§ Recorded information

■ ■ ■ ■

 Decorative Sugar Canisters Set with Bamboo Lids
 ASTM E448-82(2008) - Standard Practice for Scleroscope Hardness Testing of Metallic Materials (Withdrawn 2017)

■ ■ ■ ■

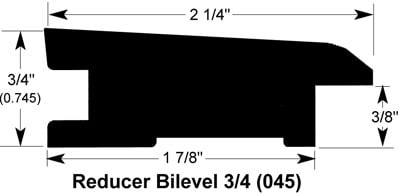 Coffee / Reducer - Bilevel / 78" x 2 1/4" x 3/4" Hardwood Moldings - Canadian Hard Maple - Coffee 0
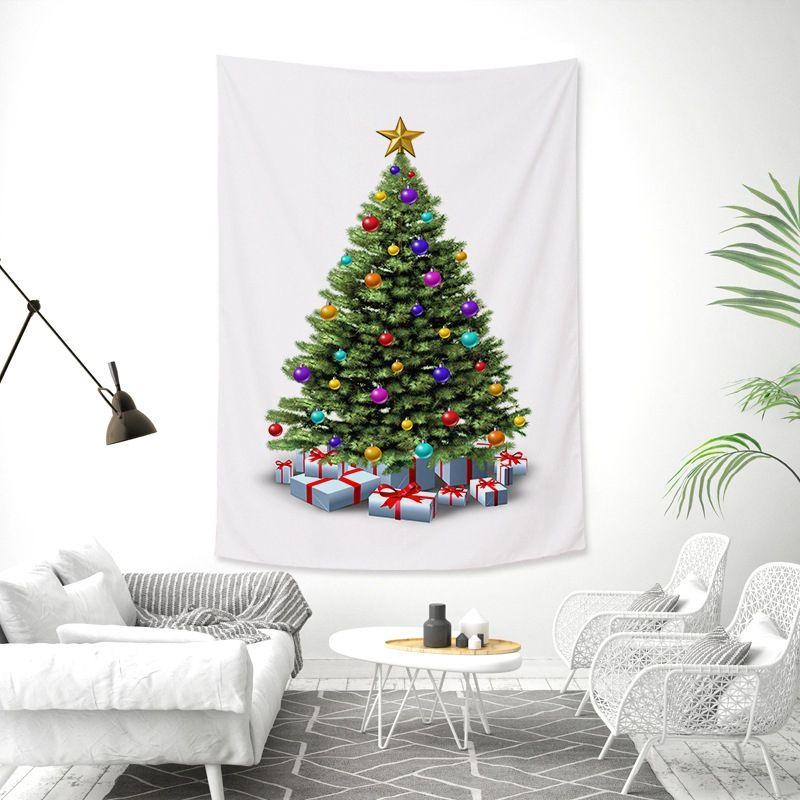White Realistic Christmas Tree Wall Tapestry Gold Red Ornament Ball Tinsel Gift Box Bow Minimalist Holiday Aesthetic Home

■ ■ ■ ■

§ Directions
Above are some records. Reproduce the lines from the one with "Coffee / Reducer" down to the one with "White Realistic Christmas", keeping both, and leave every picture out.

§ Solution to the exercise
 Coffee / Reducer - Bilevel / 78" x 2 1/4" x 3/4" Hardwood Moldings - Canadian Hard Maple - Coffee 0
White Realistic Christmas Tree Wall Tapestry Gold Red Ornament Ball Tinsel Gift Box Bow Minimalist Holiday Aesthetic Home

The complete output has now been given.